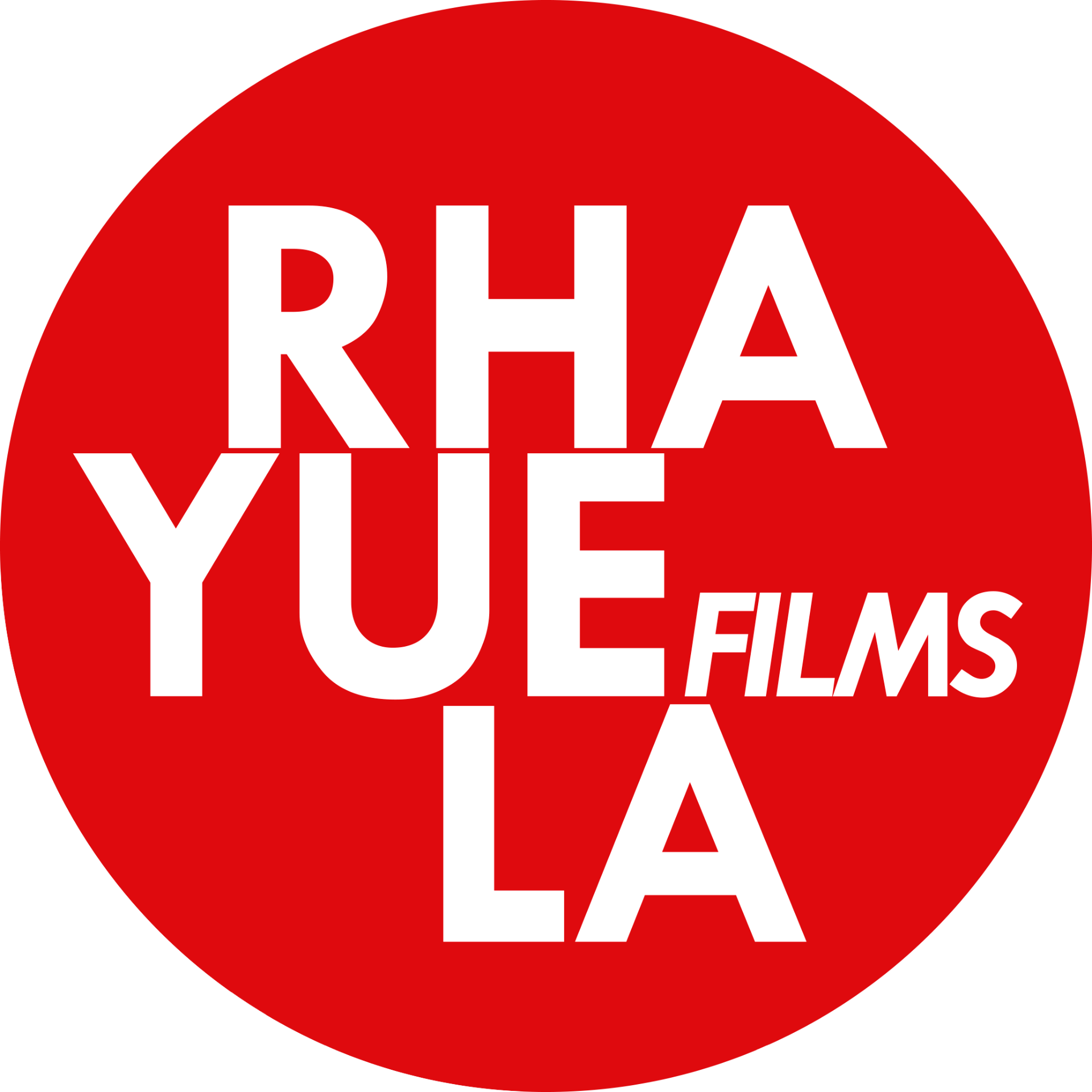 Rhayuela Films S.A.S.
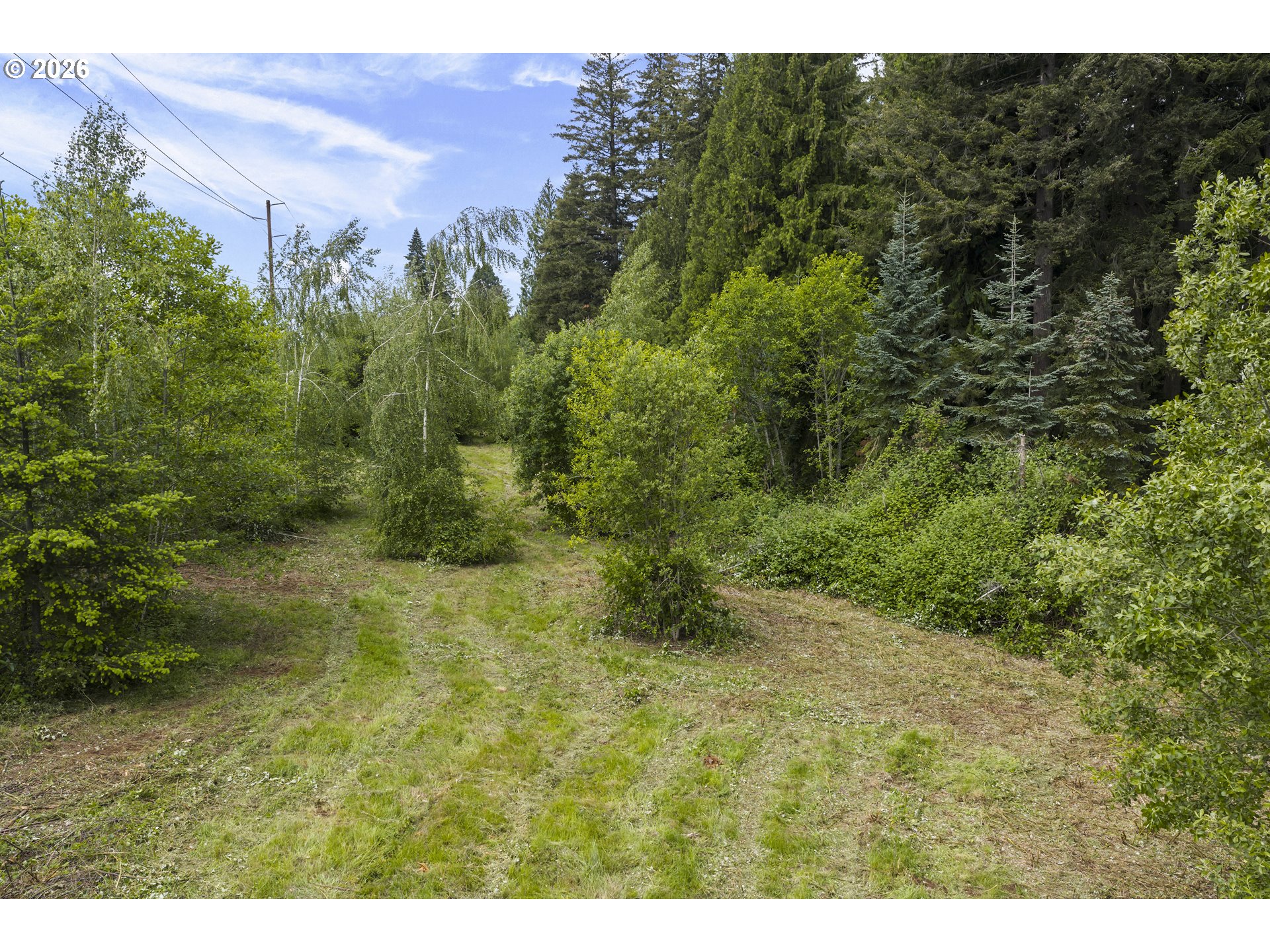 7411 Se Cottrell Rd Property Photo 41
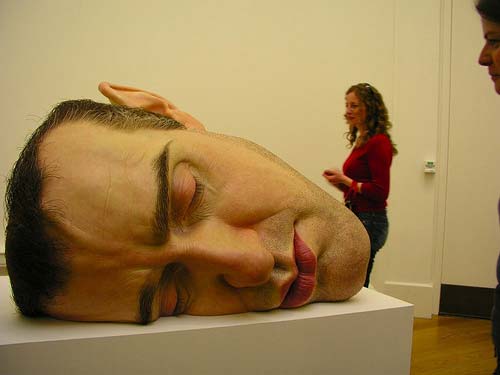 http://theanimationacademy.com/galleries/RMueck01a.jpg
- - -
Before you return the listing exactly, strip out its pictures.

 Rhayuela Films S.A.S.
 7411 Se Cottrell Rd Property Photo 41
 http://theanimationacademy.com/galleries/RMueck01a.jpg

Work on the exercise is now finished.